According to an article from specialist publication next greencar, as elsewhere in the world the UK’s electric car market is growing quickly. While numbers are rapidly accelerating with the government bringing forward the incoming ban on new petrol and diesel cars to 2030, they have been growing steadily for many years now and end-of-life electric and hybrid vehicles are entering the recycling stream in ever-growing numbers.

Under current EU law and also post Brexit, manufacturers retain responsibility for the safe disposal of electric car batteries. With that in mind, a new partnership has been launched between European Metal Recycling (EMR) and three vehicle manufacturers (Bentley Motors, BMW and Jaguar Land Rover), the University of Warwick, the Health and Safety Executive, the UK Battery Industrialisation Centre, Autocraft Solutions Group,  Connected Energy, which repurposes electric car batteries, and uRecycle, which will develop the UK’s first commercial-scale recycling facility for automotive battery packs.

Dubbed RECOVAS, the project aims to provide a standardised and reliable route for recycling and repurposing lithium-ion car batteries at a scale that can cope with the expected sales of electric vehicles in the UK. It aims to create a new circular end-of-life supply chain for the electric vehicle industry and is being led by EMR Metals Recycling, a world-leading metal recycler. The project has won grant support from the UK government’s Advanced Propulsion Centre (APC).   

The APC accelerates the industrialisation of technologies, which will help to realise net-zero emission vehicles. It is at the heart of the UK government’s commitment to end the country’s contribution to global warming by 2050. Since its foundation in 2013, APC has funded over 113 low-carbon projects involving more than 290 partners. It claims that the technologies developed in these projects are projected to save over 225 million tonnes of CO2, the equivalent of removing the lifetime emissions from 8.8 million cars.

This latest project started will run for three years, by which time the partners expect the circular supply chain to be operating commercially.

Reuse, Recycling and Remanufacturing

Remanufacturing is the process of repairing and re-engineering existing batteries so they could potentially be used in new cars. Reuse involves giving batteries a second life in stationary storage to help balance the use of the electricity grid during peak use and optimise the use of renewable energy and other applications. The new supply chain will help all partners to triage batteries when they arrive at approved end-of-life vehicle treatment facilities across the UK for either remanufacturing, reuse or – where this is not possible – recycling.

“Our aim is to create a circular supply chain for batteries and, in the process, reduce the cost for end-of-life disposal for the vehicle manufacturer or last owner of the car to zero,” explains Roger Morton, Managing Director for Technology and Innovation at EMR.

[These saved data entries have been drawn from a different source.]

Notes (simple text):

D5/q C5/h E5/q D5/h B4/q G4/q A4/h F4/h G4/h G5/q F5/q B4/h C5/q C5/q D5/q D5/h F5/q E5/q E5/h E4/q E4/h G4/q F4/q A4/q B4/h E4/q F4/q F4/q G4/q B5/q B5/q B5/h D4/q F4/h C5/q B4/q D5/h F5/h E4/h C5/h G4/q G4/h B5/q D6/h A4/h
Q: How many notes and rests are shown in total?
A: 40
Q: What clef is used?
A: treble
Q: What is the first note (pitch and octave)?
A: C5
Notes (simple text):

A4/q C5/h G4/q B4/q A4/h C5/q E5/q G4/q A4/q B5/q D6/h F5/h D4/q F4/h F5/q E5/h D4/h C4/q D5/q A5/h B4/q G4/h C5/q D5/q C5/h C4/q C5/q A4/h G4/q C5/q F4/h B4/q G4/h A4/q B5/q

“By working in partnership with the RECOVAS consortium, electric vehicle manufacturers will develop simple design changes that greatly improve the potential to remanufacture, reuse or recycle their batteries at end of life. This will help to transform the economics of the electric vehicle market.”

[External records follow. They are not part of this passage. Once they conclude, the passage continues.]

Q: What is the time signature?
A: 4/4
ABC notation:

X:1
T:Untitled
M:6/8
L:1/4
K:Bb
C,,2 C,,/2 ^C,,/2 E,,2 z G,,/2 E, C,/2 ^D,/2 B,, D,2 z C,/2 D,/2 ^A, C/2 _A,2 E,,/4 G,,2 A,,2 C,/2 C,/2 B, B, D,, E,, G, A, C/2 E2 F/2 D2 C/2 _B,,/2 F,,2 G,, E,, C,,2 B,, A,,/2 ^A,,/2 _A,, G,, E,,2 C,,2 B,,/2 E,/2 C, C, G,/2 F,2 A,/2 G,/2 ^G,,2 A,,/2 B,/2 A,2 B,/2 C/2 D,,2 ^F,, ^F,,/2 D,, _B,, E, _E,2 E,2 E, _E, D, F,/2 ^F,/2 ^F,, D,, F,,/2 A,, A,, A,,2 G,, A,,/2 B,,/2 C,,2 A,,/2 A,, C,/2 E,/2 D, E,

Ian Constance, Chief Executive at the APC, adds: “Recycling of electric vehicle batteries is a principal part of the electric supply chain, so it’s vital that we get it right. The investment in innovative projects like RECOVAS by EMR Metal Recycling, awarded as part of our APC 16 programme, demonstrates the importance of creativity and engineering excellence in the UK’s bid for a sustainable and commercial net-zero future.”

Developing and managing the infrastructure to process end-of-life electric vehicles and their batteries will generate new economic activity for the UK and create over 550 green jobs in the UK within the consortium members and their supply chain.

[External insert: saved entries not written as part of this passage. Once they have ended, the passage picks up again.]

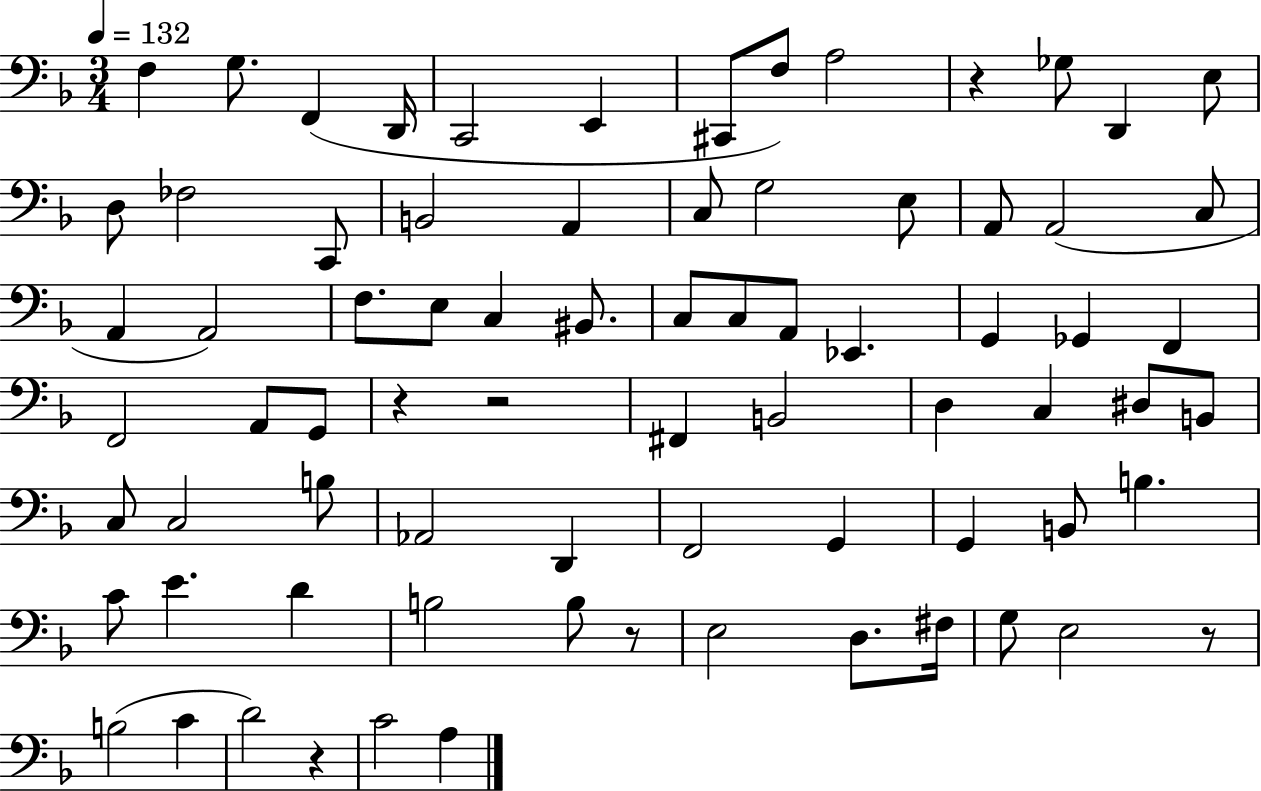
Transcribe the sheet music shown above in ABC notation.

X:1
T:Untitled
M:3/4
L:1/4
K:F
F, G,/2 F,, D,,/4 C,,2 E,, ^C,,/2 F,/2 A,2 z _G,/2 D,, E,/2 D,/2 _F,2 C,,/2 B,,2 A,, C,/2 G,2 E,/2 A,,/2 A,,2 C,/2 A,, A,,2 F,/2 E,/2 C, ^B,,/2 C,/2 C,/2 A,,/2 _E,, G,, _G,, F,, F,,2 A,,/2 G,,/2 z z2 ^F,, B,,2 D, C, ^D,/2 B,,/2 C,/2 C,2 B,/2 _A,,2 D,, F,,2 G,, G,, B,,/2 B, C/2 E D B,2 B,/2 z/2 E,2 D,/2 ^F,/4 G,/2 E,2 z/2 B,2 C D2 z C2 A,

As part of the project, automotive manufacturers have agreed to share more information about the design and construction of their batteries, allowing the consortium to more effectively and efficiently repurpose or recycle them.

According to Morton, “we have a very strong electric vehicle industry in the UK and it is changing fast. RECOVAS is an essential part of the sustainable rollout of electric vehicles.”

Professor David Greenwood, CEO of the High Value Manufacturing Catapult at the University of Warwick, adds: “We are excited to be involved in RECOVAS. It is an essential initiative for the UK electric vehicle sector.”

The UK government is supporting RECOVAS as part of a £49 million investment in technologies that will help the automotive industry to “go green”. Minister for Business and Industry Nadhim Zahawi MP adds: “Backed by government funding, these trailblazing projects will help the UK to build back better by creating all-important green jobs, ensuring the sector can make further strides towards an electrified automotive future.”